8.1 The Geometric Point of View

As a matter of introducing certain ideas, assume that the data matrix $\data{X}(n\times p)$ is composed of $n$ observations (or individuals) of $p$ variables.

There are in fact two ways of looking at $\data{X}$, row by row or column by column:

(1)
Each row (observation) is a vector $x_i^{\top}=(x_{i1},\ldots,x_{ip}) \in \mathbb{R}^p$.

From this point of view our data matrix $\data{X}$ is representable as a cloud of $n$ points in $\mathbb{R}^p$ as shown in Figure 8.1.

Figure 8.1:
\includegraphics[width=1\defpicwidth]{fig351.ps}

(2)
Each column (variable) is a vector $ x_{\column{j}}
=(x_{1j} \ldots x_{nj})^{\top} \in \mathbb{R}^n $.

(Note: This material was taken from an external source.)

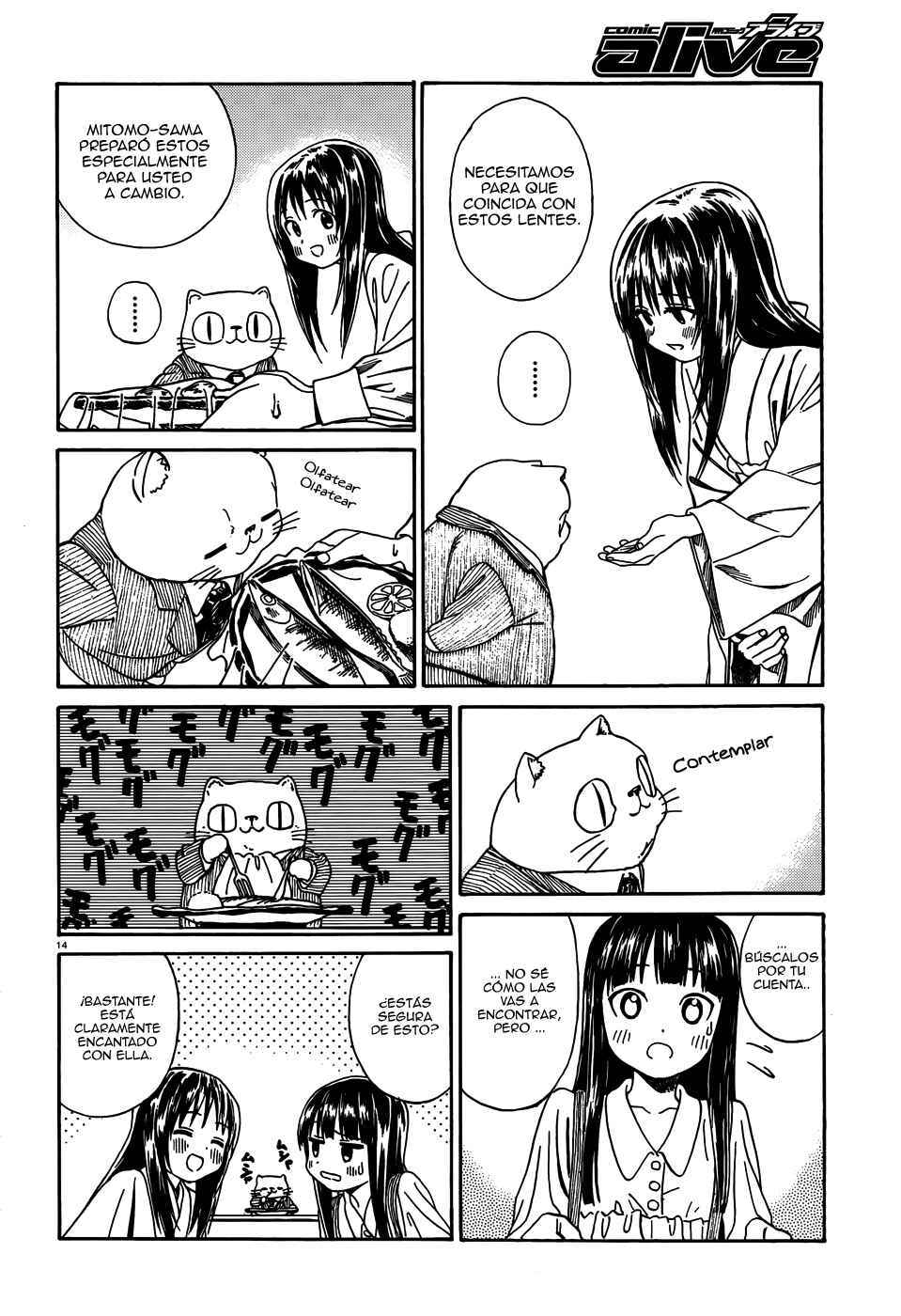Capitulo 9 page 14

From this point of view the data matrix $\data{X}$ is a cloud of $p$ points in $\mathbb{R}^n$ as shown in Figure 8.2.

Figure 8.2:
\includegraphics[width=1\defpicwidth]{fig352.ps}

When $n$ and/or $p$ are large (larger than $2$ or $3$), we cannot produce interpretable graphs of these clouds of points. Therefore, the aim of the factorial methods to be developed here is two-fold. We shall try to simultaneously approximate the column space $C(\data{X})$ and the row space $C(\data{X}^{\top})$ with smaller subspaces. The hope is of course that this can be done without loosing too much information about the variation and structure of the point clouds in both spaces. Ideally, this will provide insights into the structure of $\data{X}$ through graphs in $\mathbb{R}$, $\mathbb{R}^2$ or $\mathbb{R}^3$. The main focus then is to find the dimension reducing factors.

Summary
$\ast$
Each row (individual) of $\data{X}$ is a $p$-dimensional vector. From this point of view $\data{X}$ can be considered as a cloud of $n$ points in $\mathbb{R}^p$.
$\ast$
Each column (variable) of $\data{X}$ is a $n$-dimensional vector. From this point of view $\data{X}$ can be considered as a cloud of $p$ points in $\mathbb{R}^n$.